EXERCISE:
Here are the records. Write out exactly the lines between the one holding "76人防守端针对性布置 限制爱德华兹个人进攻迫使失误" and the one holding "52 Kyle Court", inclusive.

=== Section Start ===

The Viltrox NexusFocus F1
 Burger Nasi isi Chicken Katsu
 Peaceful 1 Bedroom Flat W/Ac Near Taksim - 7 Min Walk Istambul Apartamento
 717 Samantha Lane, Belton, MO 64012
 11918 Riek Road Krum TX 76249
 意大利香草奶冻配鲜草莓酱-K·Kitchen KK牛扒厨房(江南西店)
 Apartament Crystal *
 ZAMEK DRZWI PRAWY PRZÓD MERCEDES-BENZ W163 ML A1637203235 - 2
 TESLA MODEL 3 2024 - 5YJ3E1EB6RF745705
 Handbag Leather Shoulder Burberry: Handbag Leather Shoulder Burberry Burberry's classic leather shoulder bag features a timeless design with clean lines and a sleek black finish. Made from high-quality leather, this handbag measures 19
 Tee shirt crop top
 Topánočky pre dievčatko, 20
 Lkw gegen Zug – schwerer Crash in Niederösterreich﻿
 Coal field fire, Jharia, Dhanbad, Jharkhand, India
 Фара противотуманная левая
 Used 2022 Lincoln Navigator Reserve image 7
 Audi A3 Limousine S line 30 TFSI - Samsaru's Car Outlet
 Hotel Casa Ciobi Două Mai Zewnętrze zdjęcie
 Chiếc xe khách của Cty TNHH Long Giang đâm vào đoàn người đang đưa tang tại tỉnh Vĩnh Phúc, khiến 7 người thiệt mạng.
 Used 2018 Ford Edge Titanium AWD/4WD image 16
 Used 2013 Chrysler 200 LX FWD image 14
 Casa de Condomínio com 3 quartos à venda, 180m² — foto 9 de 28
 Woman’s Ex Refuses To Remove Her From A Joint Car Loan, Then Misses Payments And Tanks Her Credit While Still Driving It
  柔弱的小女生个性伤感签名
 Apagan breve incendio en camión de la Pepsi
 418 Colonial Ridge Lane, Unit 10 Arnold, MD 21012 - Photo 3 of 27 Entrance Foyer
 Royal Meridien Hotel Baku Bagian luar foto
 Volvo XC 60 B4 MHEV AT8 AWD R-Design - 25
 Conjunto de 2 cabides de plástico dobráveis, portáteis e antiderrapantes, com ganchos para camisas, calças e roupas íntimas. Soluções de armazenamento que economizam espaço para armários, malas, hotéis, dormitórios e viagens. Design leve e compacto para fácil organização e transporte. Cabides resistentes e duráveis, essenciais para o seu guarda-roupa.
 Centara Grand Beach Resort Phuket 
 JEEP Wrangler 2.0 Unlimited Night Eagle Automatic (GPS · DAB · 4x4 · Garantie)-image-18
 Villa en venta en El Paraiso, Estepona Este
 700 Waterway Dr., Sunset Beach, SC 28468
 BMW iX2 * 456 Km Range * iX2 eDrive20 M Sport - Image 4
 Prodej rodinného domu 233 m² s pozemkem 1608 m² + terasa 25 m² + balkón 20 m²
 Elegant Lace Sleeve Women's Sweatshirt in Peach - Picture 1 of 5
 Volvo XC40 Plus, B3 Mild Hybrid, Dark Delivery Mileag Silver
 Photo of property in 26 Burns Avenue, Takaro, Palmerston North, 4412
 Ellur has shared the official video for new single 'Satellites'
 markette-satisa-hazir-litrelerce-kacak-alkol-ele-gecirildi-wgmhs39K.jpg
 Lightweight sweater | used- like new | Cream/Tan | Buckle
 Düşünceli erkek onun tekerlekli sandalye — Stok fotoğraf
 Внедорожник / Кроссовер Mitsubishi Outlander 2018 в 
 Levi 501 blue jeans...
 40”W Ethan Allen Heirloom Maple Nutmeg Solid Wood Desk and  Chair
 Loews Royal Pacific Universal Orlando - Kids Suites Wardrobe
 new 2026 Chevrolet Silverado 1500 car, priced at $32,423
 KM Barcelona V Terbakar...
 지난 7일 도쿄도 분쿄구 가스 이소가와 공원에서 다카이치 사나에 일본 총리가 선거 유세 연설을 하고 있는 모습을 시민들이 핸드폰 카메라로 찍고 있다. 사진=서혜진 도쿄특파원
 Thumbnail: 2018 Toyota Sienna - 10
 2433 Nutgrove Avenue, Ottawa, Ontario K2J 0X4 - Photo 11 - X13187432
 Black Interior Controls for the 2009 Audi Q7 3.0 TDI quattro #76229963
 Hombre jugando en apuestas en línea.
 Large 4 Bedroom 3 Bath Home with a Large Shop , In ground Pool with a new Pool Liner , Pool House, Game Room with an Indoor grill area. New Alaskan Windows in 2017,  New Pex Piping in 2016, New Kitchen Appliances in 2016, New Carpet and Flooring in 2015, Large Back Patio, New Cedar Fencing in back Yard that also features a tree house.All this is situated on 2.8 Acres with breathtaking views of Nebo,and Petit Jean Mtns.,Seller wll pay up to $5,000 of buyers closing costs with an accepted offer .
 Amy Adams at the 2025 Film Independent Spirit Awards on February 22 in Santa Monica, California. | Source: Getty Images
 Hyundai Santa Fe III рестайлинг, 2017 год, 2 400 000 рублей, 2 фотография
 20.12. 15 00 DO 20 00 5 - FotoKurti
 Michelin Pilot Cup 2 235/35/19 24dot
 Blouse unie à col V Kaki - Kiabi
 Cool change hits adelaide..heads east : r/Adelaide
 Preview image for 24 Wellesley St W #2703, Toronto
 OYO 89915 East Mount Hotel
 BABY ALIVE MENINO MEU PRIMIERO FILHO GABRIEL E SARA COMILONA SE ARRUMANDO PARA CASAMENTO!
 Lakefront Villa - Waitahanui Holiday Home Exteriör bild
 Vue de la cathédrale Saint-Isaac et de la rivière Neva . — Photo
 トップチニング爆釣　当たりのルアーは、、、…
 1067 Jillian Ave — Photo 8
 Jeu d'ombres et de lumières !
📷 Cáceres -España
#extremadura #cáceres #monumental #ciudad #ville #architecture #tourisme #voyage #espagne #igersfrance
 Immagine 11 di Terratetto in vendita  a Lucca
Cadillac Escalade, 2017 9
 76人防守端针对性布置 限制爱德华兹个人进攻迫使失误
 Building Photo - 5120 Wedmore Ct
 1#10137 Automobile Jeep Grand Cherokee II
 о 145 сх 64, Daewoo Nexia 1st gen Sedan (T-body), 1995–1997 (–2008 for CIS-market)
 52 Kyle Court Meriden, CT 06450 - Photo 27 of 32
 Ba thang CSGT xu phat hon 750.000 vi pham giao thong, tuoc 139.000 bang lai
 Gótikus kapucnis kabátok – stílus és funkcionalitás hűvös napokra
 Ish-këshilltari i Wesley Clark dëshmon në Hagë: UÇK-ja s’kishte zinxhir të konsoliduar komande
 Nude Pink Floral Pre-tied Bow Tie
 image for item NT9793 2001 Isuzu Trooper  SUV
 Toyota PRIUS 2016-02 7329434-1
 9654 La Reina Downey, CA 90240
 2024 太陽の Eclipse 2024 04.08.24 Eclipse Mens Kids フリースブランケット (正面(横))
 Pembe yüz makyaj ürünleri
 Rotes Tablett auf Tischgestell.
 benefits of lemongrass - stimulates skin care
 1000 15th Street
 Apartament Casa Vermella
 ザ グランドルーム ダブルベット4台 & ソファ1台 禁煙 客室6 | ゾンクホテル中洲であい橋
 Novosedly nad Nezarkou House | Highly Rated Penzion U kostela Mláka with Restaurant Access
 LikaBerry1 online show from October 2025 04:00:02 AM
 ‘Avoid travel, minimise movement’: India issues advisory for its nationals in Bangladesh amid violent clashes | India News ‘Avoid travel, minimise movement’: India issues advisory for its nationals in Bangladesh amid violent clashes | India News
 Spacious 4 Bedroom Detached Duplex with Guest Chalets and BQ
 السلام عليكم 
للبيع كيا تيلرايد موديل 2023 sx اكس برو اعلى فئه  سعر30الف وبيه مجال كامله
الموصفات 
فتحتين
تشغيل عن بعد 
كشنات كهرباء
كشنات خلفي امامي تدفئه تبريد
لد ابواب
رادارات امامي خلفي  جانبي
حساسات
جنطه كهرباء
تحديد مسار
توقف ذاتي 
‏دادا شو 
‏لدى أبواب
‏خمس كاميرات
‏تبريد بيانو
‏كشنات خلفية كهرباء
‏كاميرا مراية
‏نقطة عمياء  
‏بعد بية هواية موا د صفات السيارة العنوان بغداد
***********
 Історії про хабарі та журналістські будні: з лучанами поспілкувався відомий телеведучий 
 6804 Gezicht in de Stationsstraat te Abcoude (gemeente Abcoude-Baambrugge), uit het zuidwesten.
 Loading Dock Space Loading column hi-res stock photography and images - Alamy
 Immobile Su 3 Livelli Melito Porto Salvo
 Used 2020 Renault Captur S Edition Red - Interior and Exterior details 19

=== Section End ===

REPLY:
 76人防守端针对性布置 限制爱德华兹个人进攻迫使失误
 Building Photo - 5120 Wedmore Ct
 1#10137 Automobile Jeep Grand Cherokee II
 о 145 сх 64, Daewoo Nexia 1st gen Sedan (T-body), 1995–1997 (–2008 for CIS-market)
 52 Kyle Court Meriden, CT 06450 - Photo 27 of 32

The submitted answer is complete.